## Task directions
An exact copy of the lines from the one containing "2018 Hyundai Elite" to the end of the records below is required, and nothing else.

## Record set
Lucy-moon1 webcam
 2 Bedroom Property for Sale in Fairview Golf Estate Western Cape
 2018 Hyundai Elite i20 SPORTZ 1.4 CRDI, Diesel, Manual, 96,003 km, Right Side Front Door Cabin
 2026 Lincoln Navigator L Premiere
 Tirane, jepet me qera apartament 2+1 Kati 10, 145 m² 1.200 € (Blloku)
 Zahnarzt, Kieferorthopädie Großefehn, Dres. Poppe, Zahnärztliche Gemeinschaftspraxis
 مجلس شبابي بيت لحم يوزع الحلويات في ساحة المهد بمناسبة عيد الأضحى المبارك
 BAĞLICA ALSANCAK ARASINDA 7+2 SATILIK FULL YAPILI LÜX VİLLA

## Answer area
 2018 Hyundai Elite i20 SPORTZ 1.4 CRDI, Diesel, Manual, 96,003 km, Right Side Front Door Cabin
 2026 Lincoln Navigator L Premiere
 Tirane, jepet me qera apartament 2+1 Kati 10, 145 m² 1.200 € (Blloku)
 Zahnarzt, Kieferorthopädie Großefehn, Dres. Poppe, Zahnärztliche Gemeinschaftspraxis
 مجلس شبابي بيت لحم يوزع الحلويات في ساحة المهد بمناسبة عيد الأضحى المبارك
 BAĞLICA ALSANCAK ARASINDA 7+2 SATILIK FULL YAPILI LÜX VİLLA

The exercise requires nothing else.